At 4:00, fifty Oxnard Police and the Ventura County Sheriffs broke up the demonstration and several of the demonstrators were arrested.

== Aftermath ==

At the initial reporting of the event, an estimated fifteen people suffered serious injuries, and thirteen people were arrested. One of the activists served a short sentence after being charged on the basis of inciting a riot, and participation in unlawful assembly.

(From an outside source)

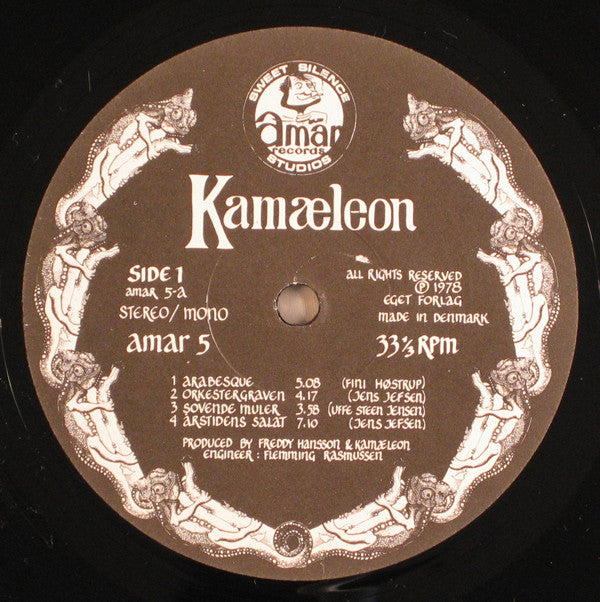 Kamæleon : Kamæleon (LP, Album)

The events in Oxnard did not lead to mass sympathy for the Klan in Oxnard. No "Klavern" (town or city Klan chapter) was ever formed in the city. What occurred in Oxnard was one of several incidences of violence that occurred in California and throughout the country in the late 1970s, and preluded intensified violence and the increasing association of the Klan movement with openly Nazi elements. In Castro Valley just two months later, the Klan battled with the PLP and CAR at an event, also led by Metzger, against Vietnamese refugees who had settled in the town. By 1979, the Klan ramped up their violence at the Greensboro Massacre, wherein the Klan murdered five members of the Communist Workers Party, and again in 1980 in Oceanside California, when Klansmen brutally assaulted counter-demonstrators.